**SUPPLIED DATA:**
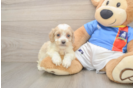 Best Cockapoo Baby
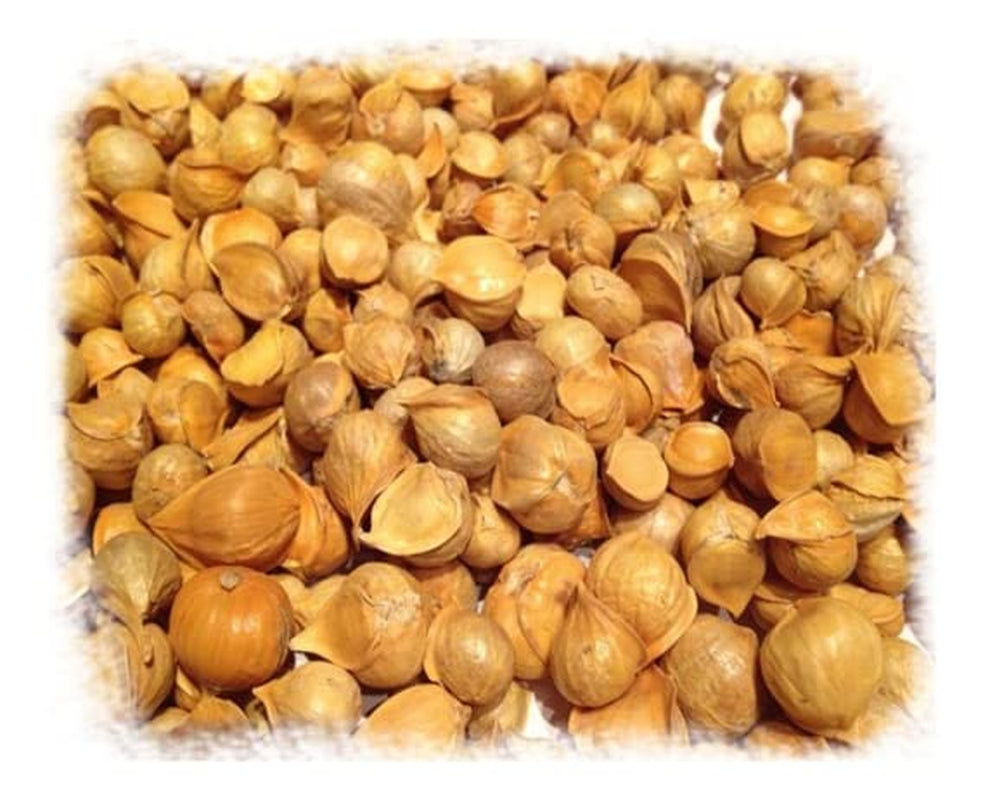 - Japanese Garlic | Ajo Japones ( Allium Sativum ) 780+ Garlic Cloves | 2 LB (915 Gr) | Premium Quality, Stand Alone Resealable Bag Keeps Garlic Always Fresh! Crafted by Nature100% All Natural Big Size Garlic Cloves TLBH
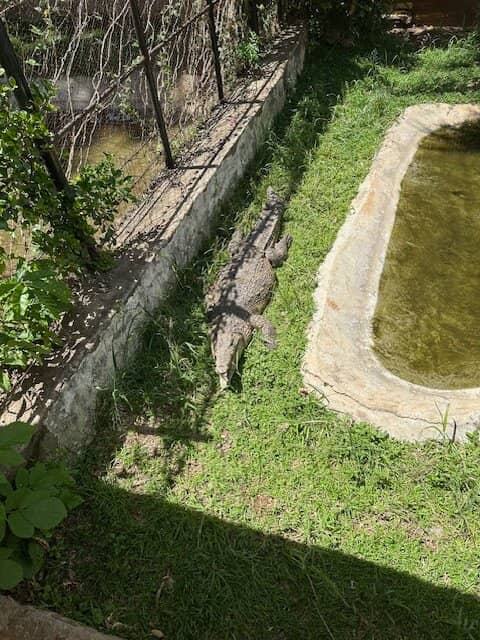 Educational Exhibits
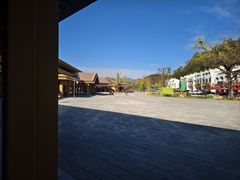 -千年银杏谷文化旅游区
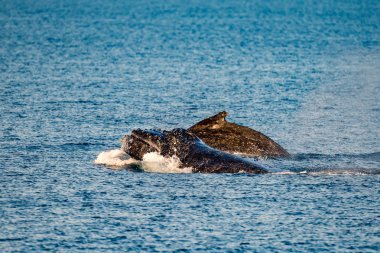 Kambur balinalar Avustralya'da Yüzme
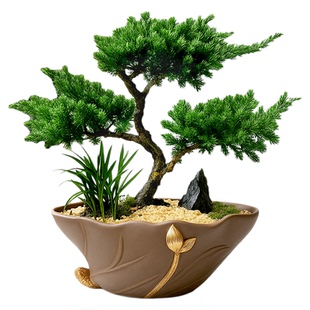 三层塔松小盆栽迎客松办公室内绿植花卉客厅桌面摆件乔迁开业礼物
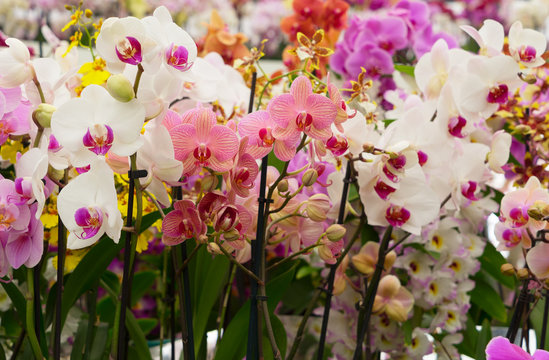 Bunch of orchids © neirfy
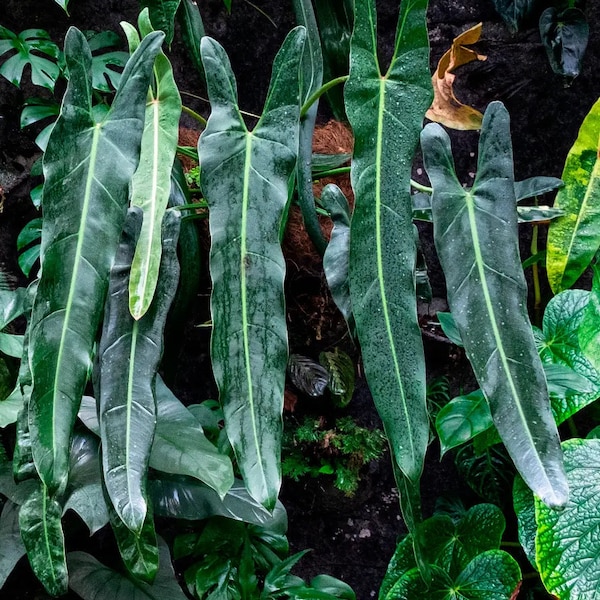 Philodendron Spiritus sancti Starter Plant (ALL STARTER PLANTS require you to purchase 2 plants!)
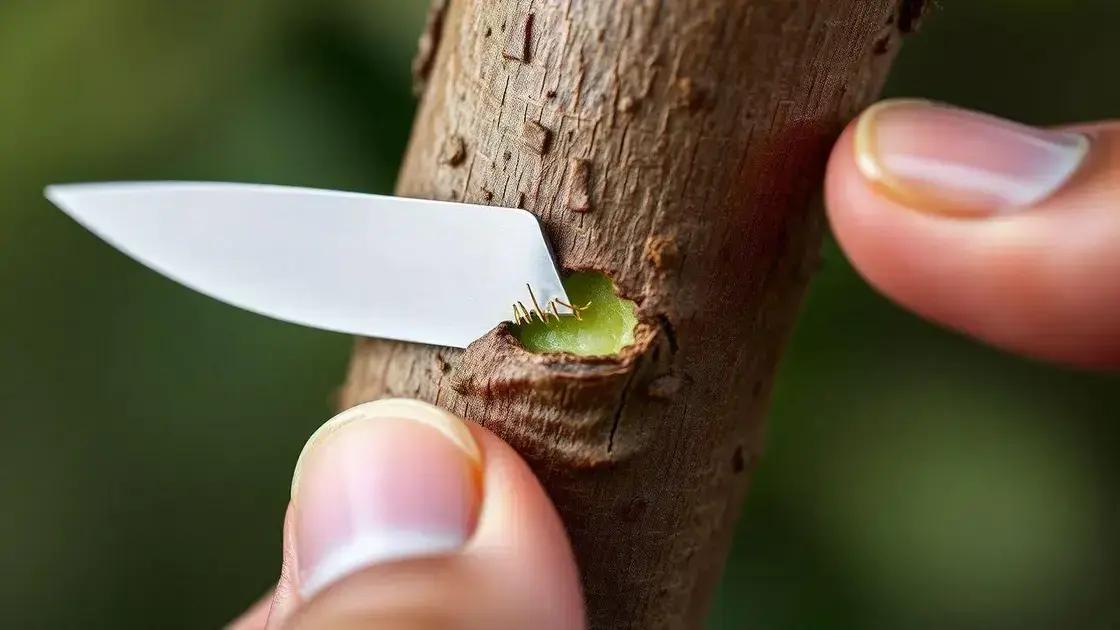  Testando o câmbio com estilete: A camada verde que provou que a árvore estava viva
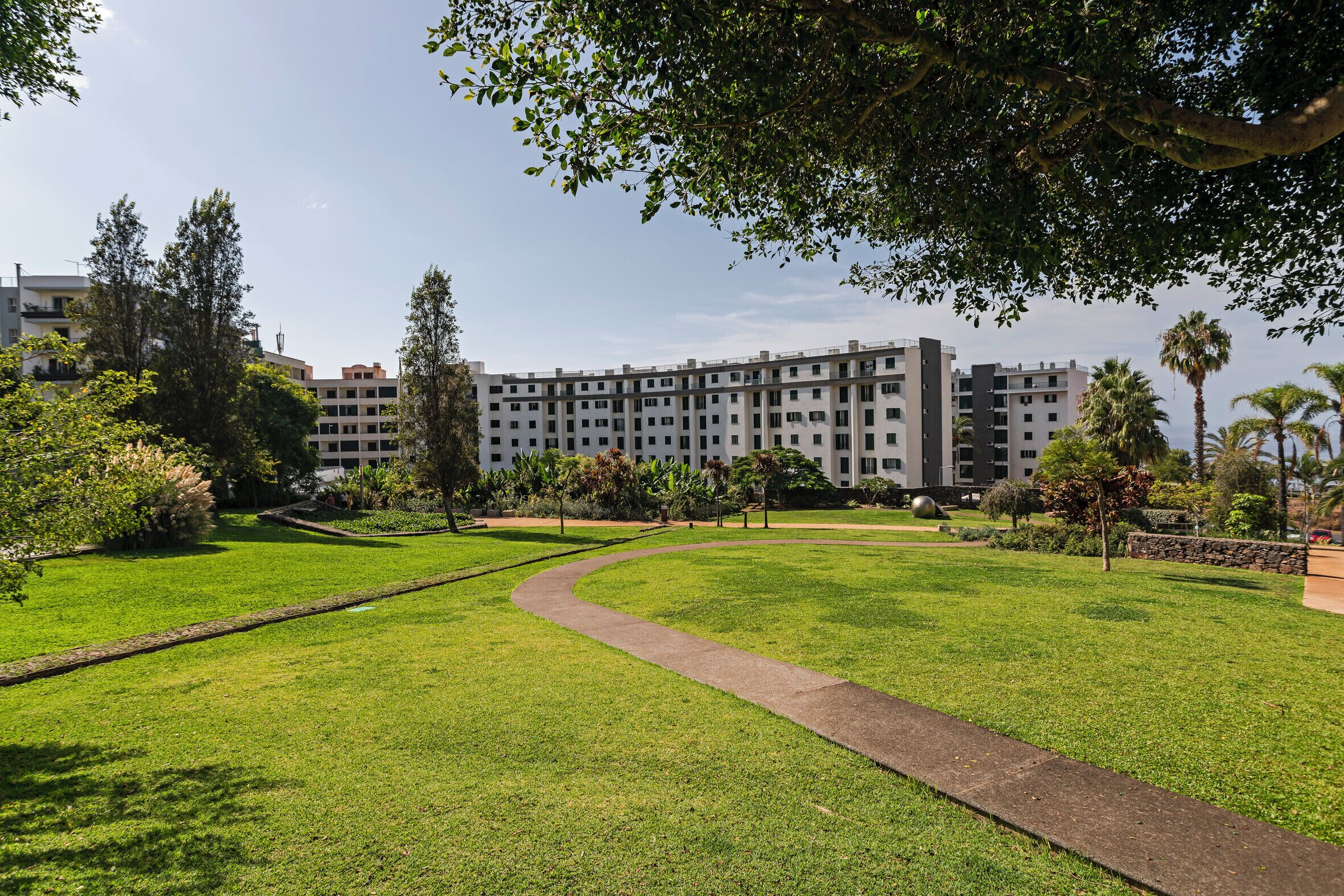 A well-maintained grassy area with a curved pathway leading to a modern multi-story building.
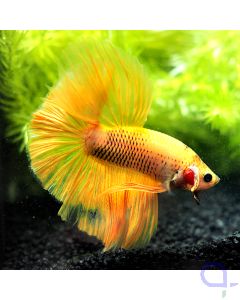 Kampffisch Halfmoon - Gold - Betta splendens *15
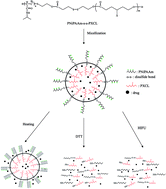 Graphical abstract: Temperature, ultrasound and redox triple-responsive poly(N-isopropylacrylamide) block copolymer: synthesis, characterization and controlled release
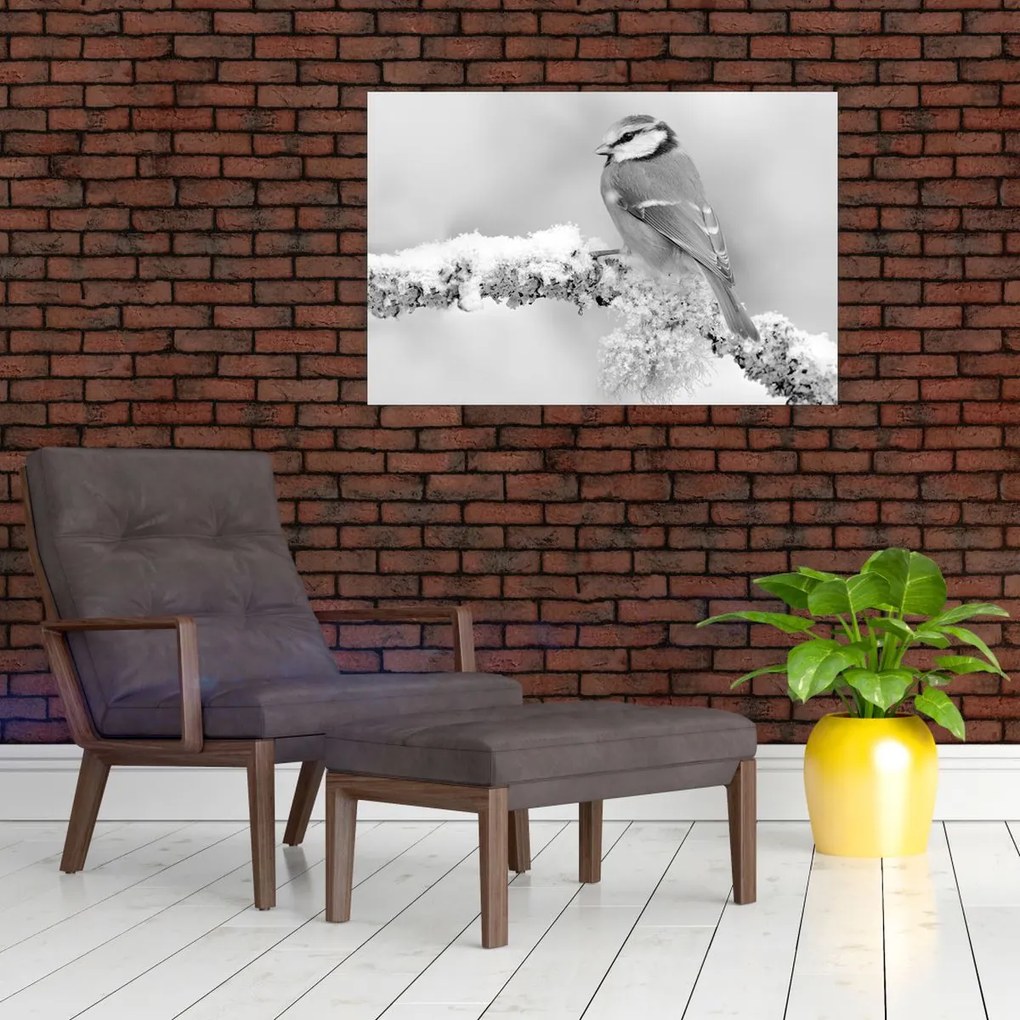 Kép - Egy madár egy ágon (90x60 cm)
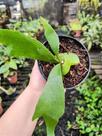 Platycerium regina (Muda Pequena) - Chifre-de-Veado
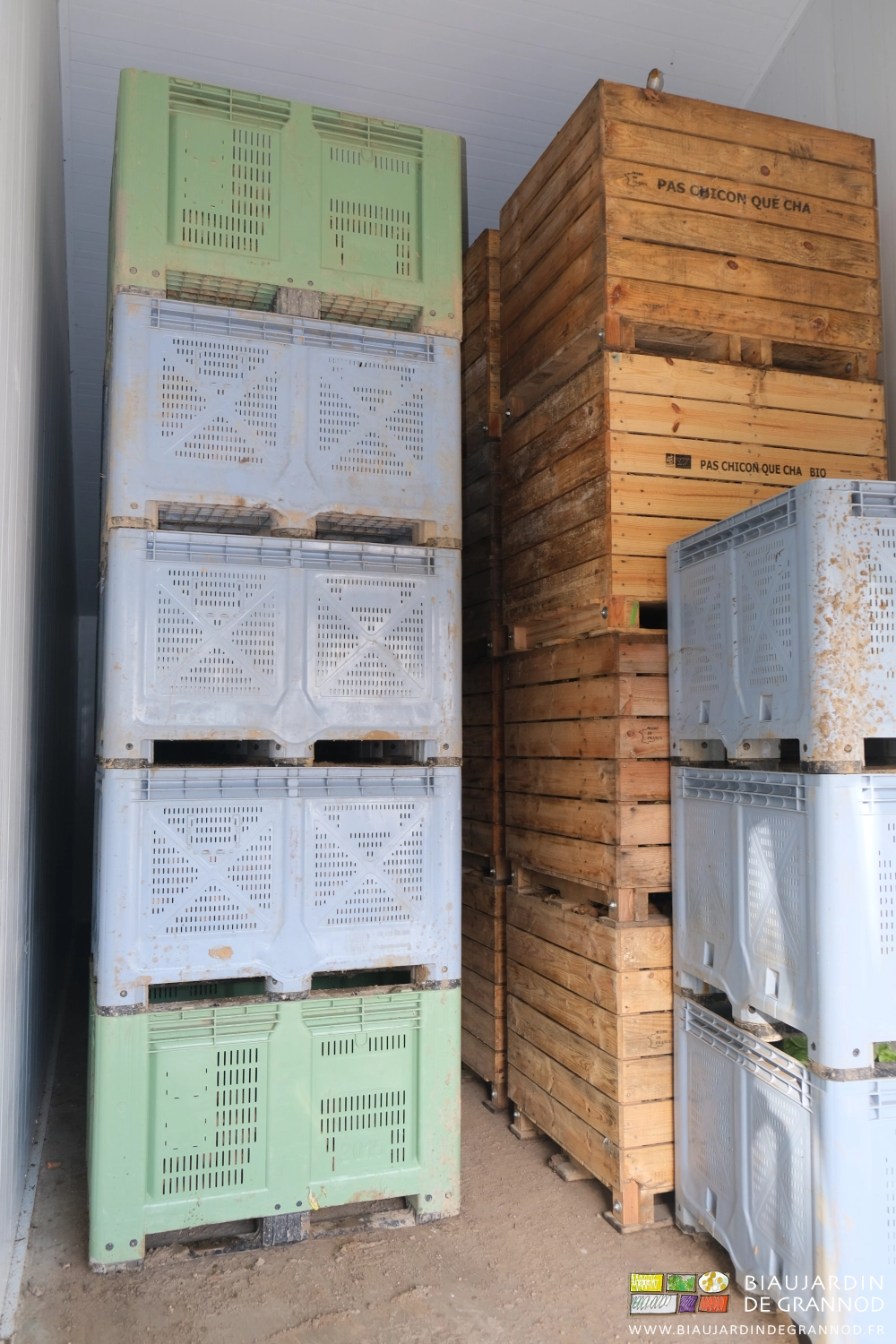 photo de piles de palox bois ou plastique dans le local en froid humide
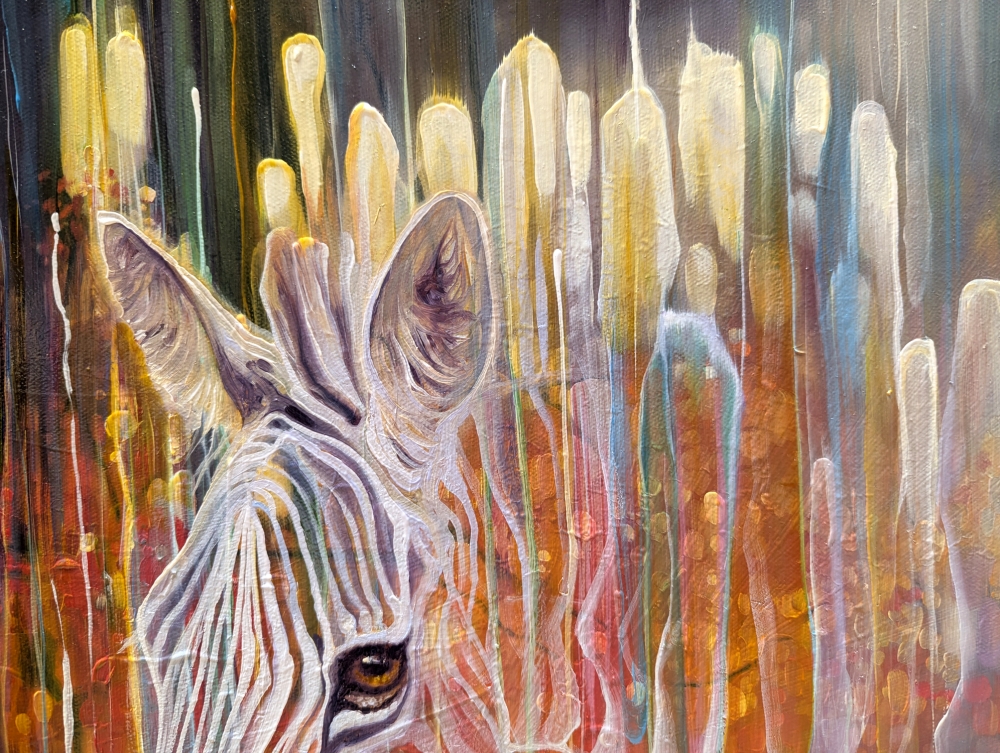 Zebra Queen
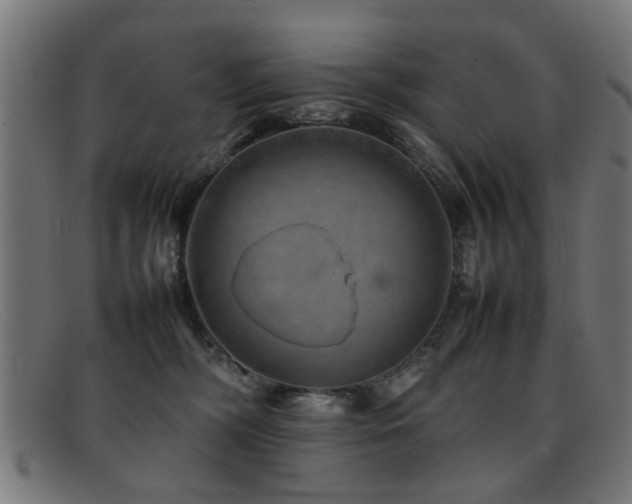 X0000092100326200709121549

**ASSIGNMENT:** Copy exactly, and only, the lines from the first entry through the line holding "Kampffisch Halfmoon - Gold", both ends included, leaving out every picture.

**SOLUTION BELOW:**
 Best Cockapoo Baby
 - Japanese Garlic | Ajo Japones ( Allium Sativum ) 780+ Garlic Cloves | 2 LB (915 Gr) | Premium Quality, Stand Alone Resealable Bag Keeps Garlic Always Fresh! Crafted by Nature100% All Natural Big Size Garlic Cloves TLBH
 Educational Exhibits
 -千年银杏谷文化旅游区
 Kambur balinalar Avustralya'da Yüzme
 三层塔松小盆栽迎客松办公室内绿植花卉客厅桌面摆件乔迁开业礼物
 Bunch of orchids © neirfy
 Philodendron Spiritus sancti Starter Plant (ALL STARTER PLANTS require you to purchase 2 plants!)
  Testando o câmbio com estilete: A camada verde que provou que a árvore estava viva
 A well-maintained grassy area with a curved pathway leading to a modern multi-story building.
 Kampffisch Halfmoon - Gold - Betta splendens *15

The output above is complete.